__Instructions for the task__: Please repeat the entries word for word and keep the images out.

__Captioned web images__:
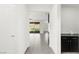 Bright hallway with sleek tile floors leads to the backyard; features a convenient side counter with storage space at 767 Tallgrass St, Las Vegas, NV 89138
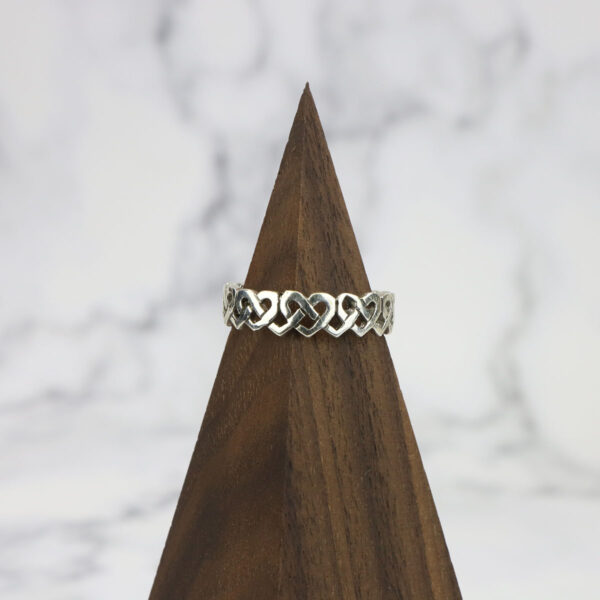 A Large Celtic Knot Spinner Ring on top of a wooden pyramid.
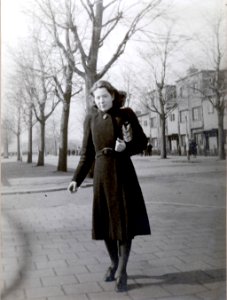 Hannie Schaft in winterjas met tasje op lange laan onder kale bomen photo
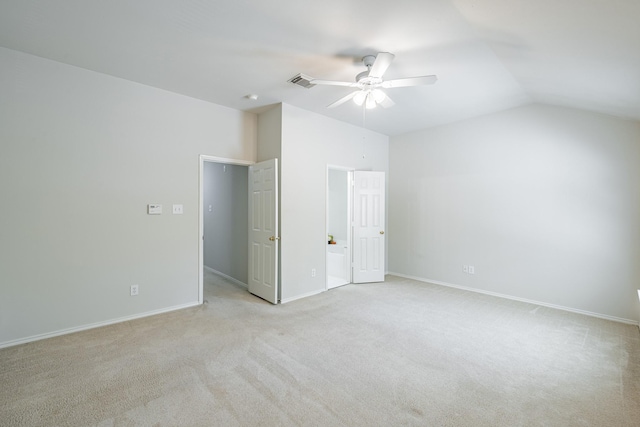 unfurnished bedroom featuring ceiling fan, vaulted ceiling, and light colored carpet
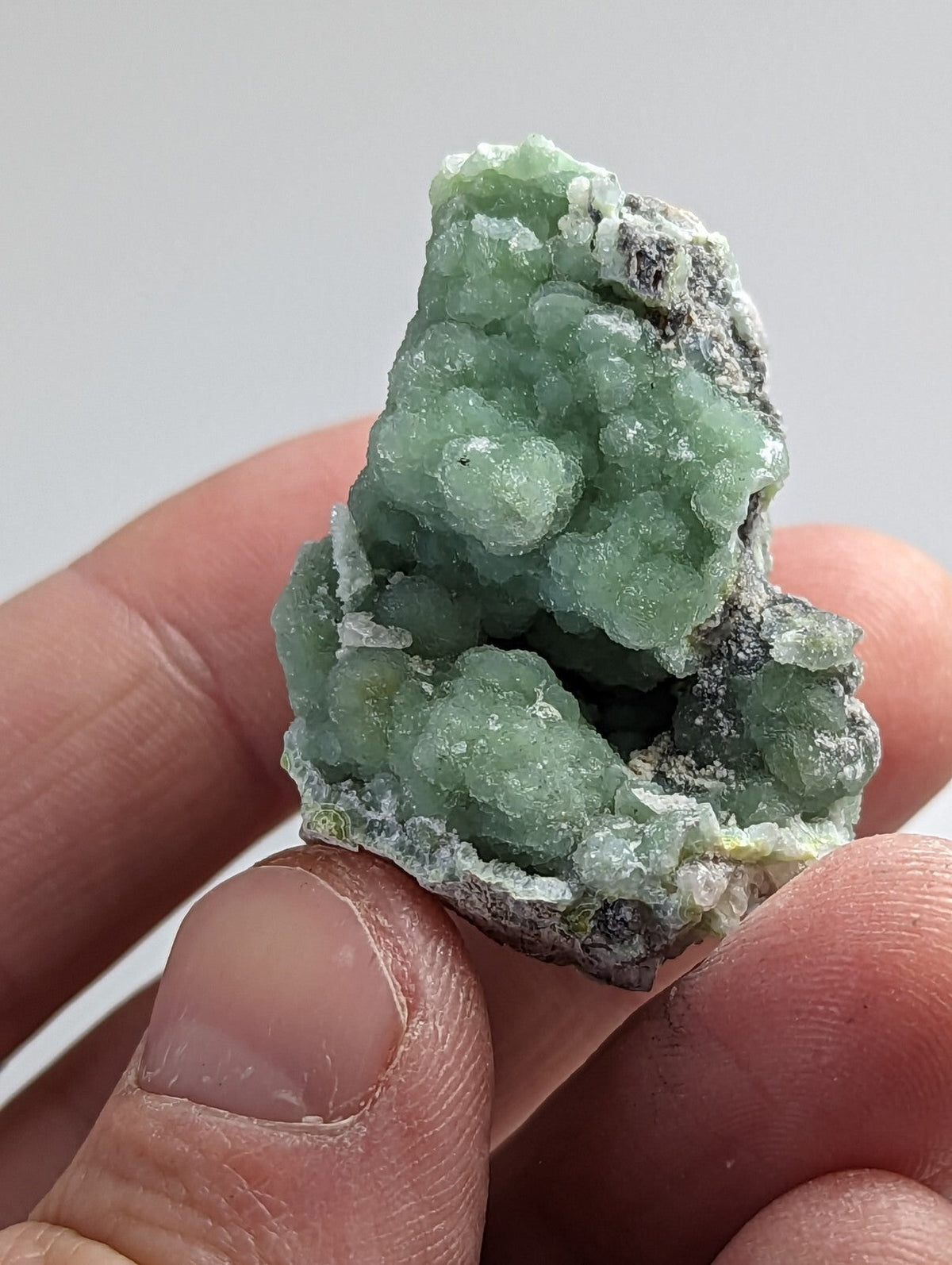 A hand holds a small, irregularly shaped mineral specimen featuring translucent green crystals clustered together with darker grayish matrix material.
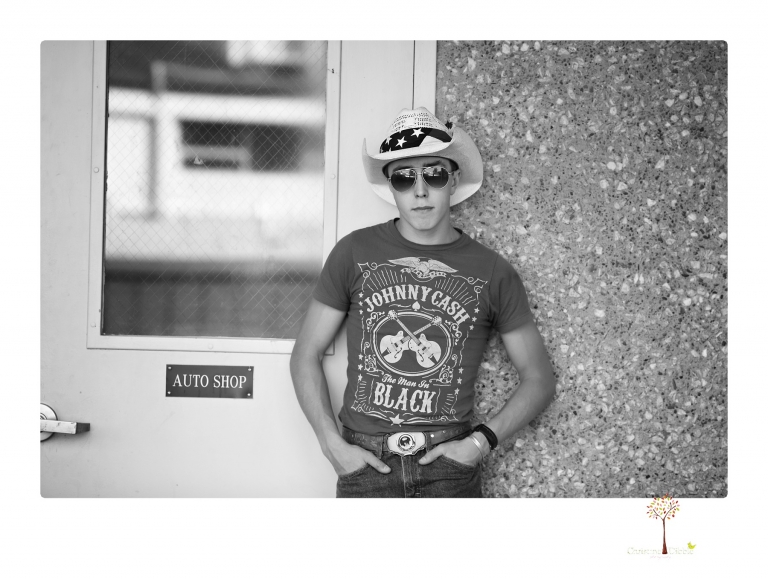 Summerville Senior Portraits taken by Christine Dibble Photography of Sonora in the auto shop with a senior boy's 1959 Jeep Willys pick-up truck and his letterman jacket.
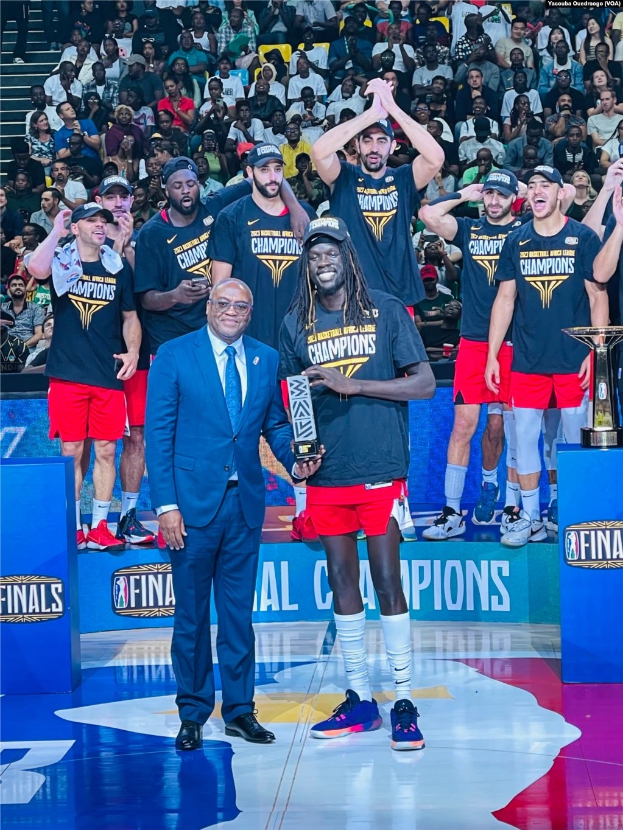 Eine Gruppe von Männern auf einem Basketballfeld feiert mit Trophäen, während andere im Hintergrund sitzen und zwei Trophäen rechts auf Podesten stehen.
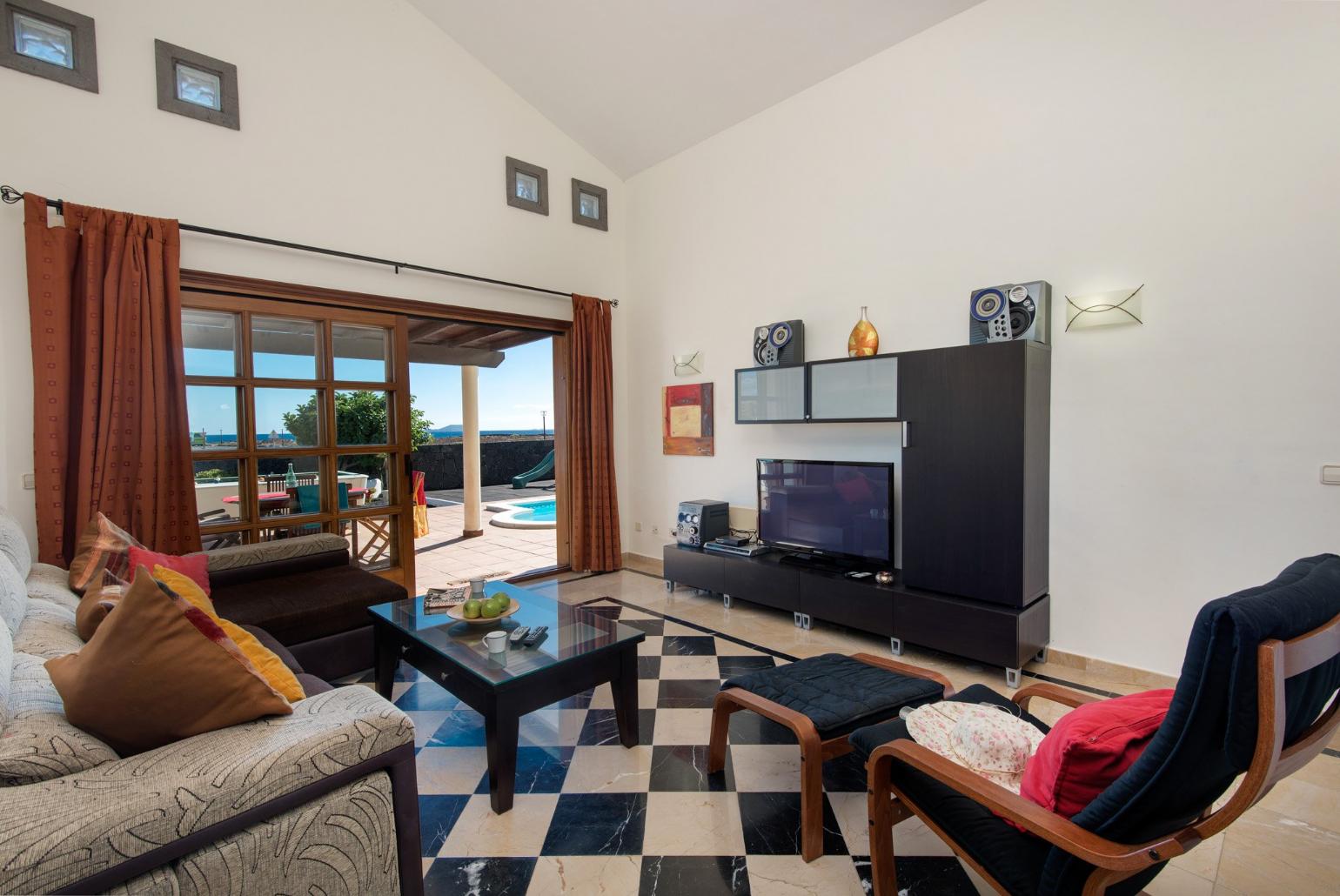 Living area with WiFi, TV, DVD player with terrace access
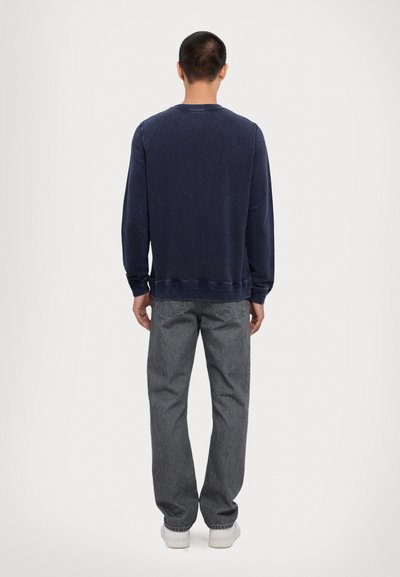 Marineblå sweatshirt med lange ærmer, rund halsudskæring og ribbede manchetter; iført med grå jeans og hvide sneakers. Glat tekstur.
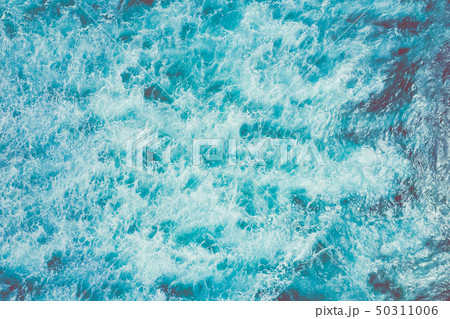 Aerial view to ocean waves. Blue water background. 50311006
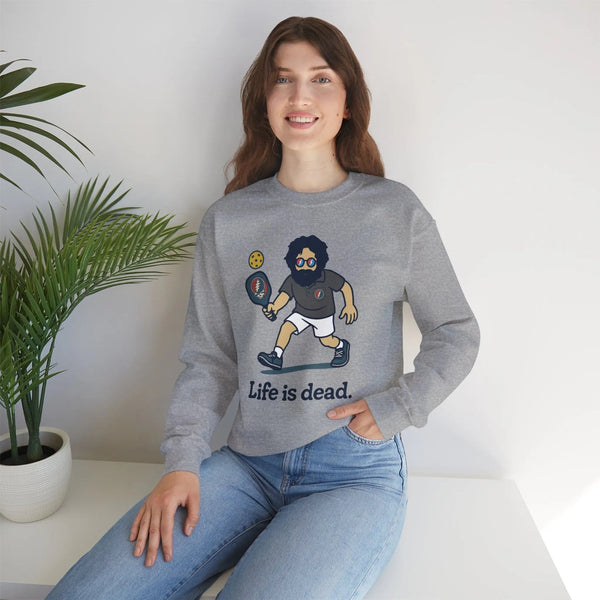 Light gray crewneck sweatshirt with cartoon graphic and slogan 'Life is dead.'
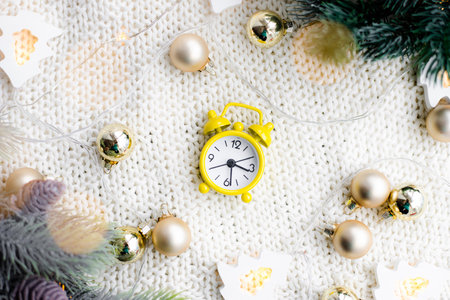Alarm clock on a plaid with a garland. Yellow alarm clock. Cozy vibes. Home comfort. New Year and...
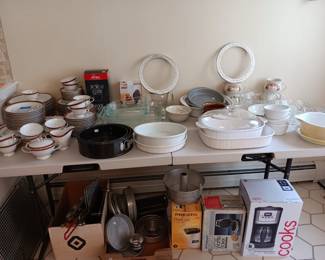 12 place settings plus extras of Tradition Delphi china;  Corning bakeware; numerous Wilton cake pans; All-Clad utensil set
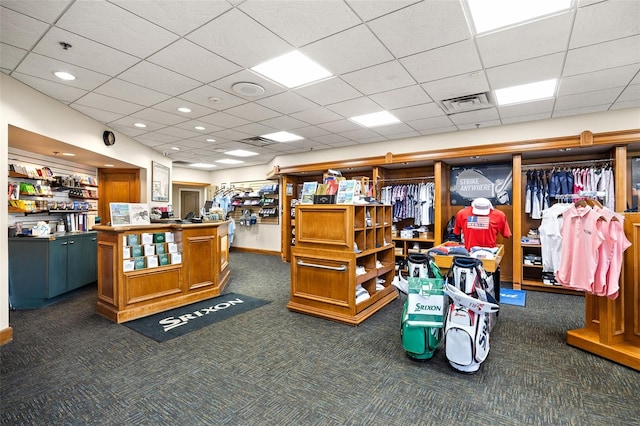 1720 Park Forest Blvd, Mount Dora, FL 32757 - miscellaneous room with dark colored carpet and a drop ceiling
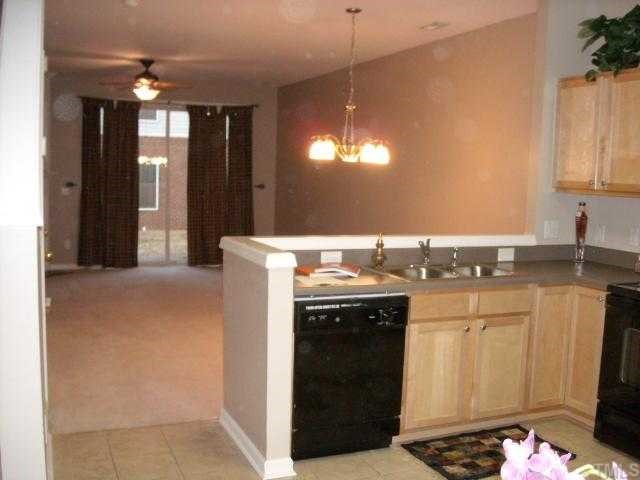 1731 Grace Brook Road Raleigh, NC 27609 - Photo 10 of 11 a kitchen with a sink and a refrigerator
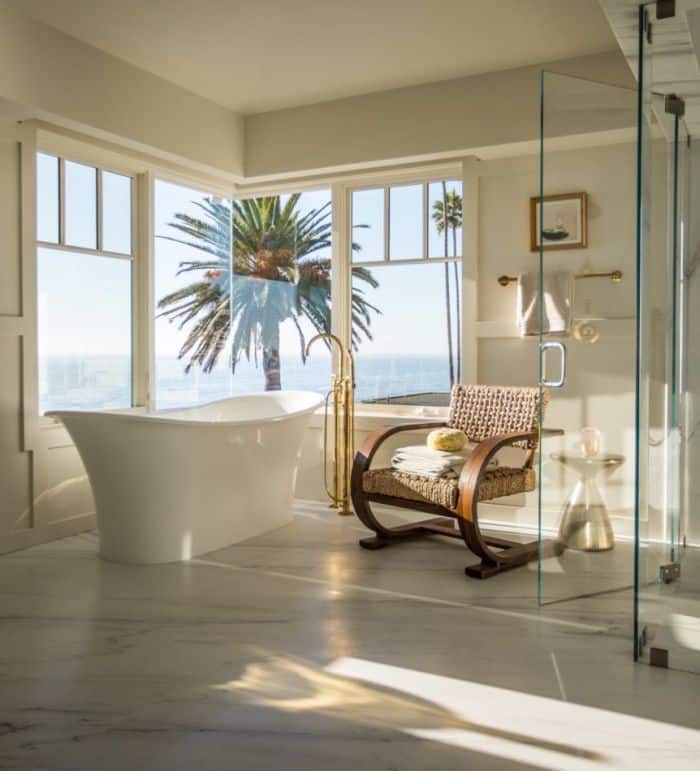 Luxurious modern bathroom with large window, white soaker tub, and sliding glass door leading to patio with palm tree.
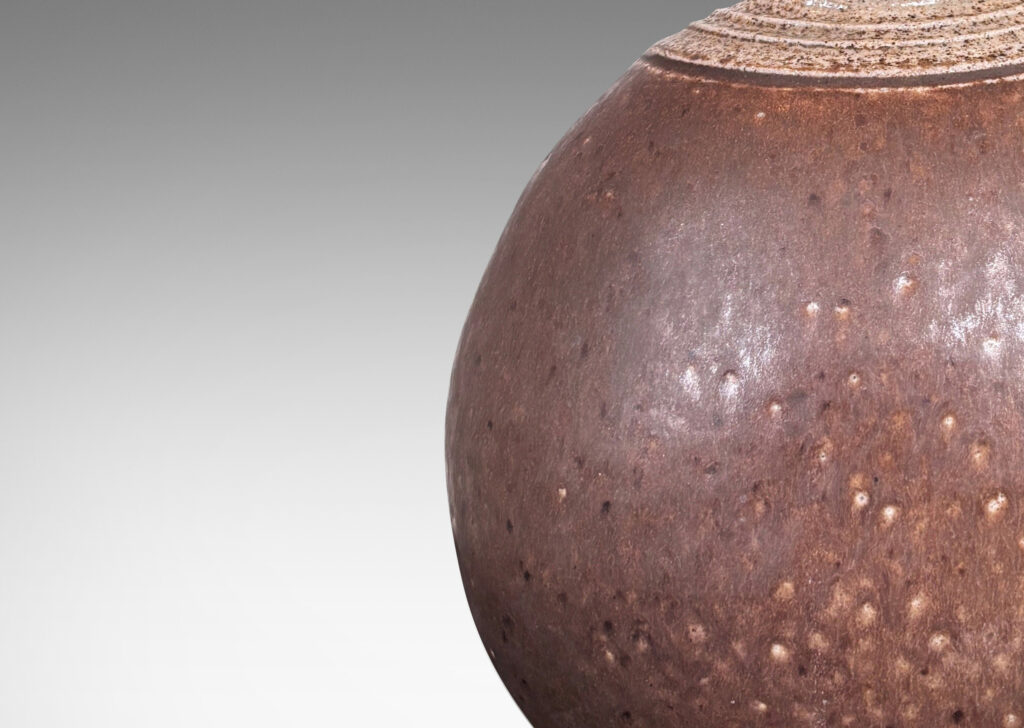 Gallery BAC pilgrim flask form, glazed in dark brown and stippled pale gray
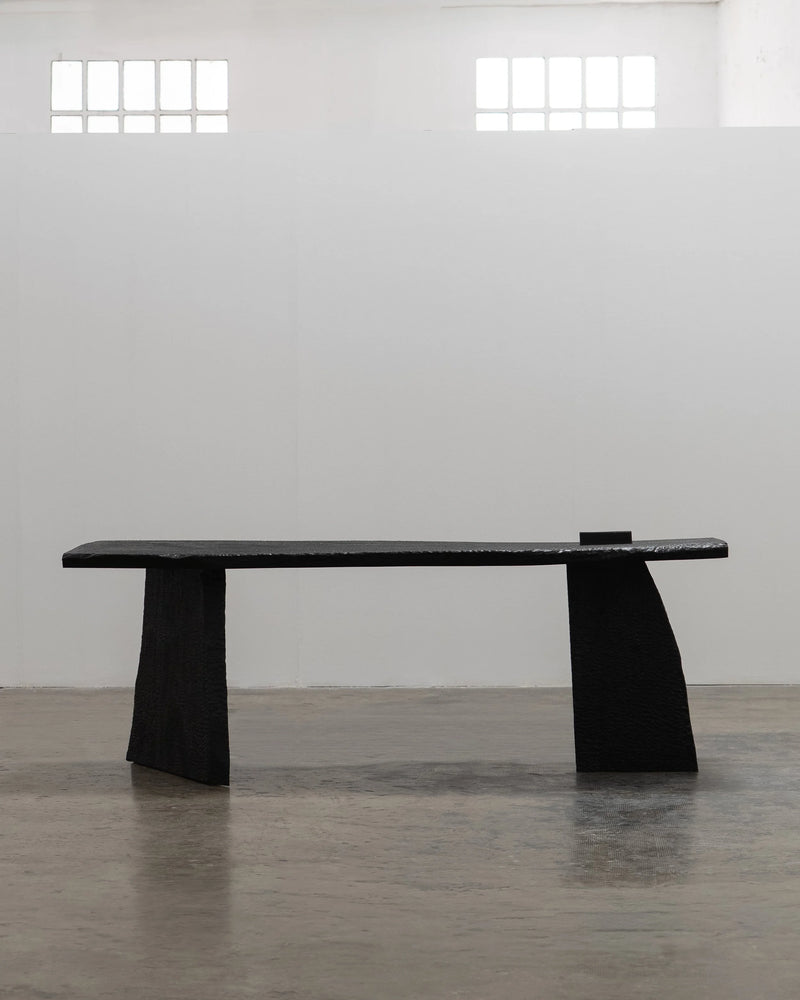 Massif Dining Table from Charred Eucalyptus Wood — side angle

__Solution to the problem__:
 Bright hallway with sleek tile floors leads to the backyard; features a convenient side counter with storage space at 767 Tallgrass St, Las Vegas, NV 89138
 A Large Celtic Knot Spinner Ring on top of a wooden pyramid.
 Hannie Schaft in winterjas met tasje op lange laan onder kale bomen photo
 unfurnished bedroom featuring ceiling fan, vaulted ceiling, and light colored carpet
 A hand holds a small, irregularly shaped mineral specimen featuring translucent green crystals clustered together with darker grayish matrix material.
 Summerville Senior Portraits taken by Christine Dibble Photography of Sonora in the auto shop with a senior boy's 1959 Jeep Willys pick-up truck and his letterman jacket.
 Eine Gruppe von Männern auf einem Basketballfeld feiert mit Trophäen, während andere im Hintergrund sitzen und zwei Trophäen rechts auf Podesten stehen.
 Living area with WiFi, TV, DVD player with terrace access
 Marineblå sweatshirt med lange ærmer, rund halsudskæring og ribbede manchetter; iført med grå jeans og hvide sneakers. Glat tekstur.
 Aerial view to ocean waves. Blue water background. 50311006
 Light gray crewneck sweatshirt with cartoon graphic and slogan 'Life is dead.'
Alarm clock on a plaid with a garland. Yellow alarm clock. Cozy vibes. Home comfort. New Year and...
 12 place settings plus extras of Tradition Delphi china;  Corning bakeware; numerous Wilton cake pans; All-Clad utensil set
 1720 Park Forest Blvd, Mount Dora, FL 32757 - miscellaneous room with dark colored carpet and a drop ceiling
 1731 Grace Brook Road Raleigh, NC 27609 - Photo 10 of 11 a kitchen with a sink and a refrigerator
 Luxurious modern bathroom with large window, white soaker tub, and sliding glass door leading to patio with palm tree.
 Gallery BAC pilgrim flask form, glazed in dark brown and stippled pale gray
 Massif Dining Table from Charred Eucalyptus Wood — side angle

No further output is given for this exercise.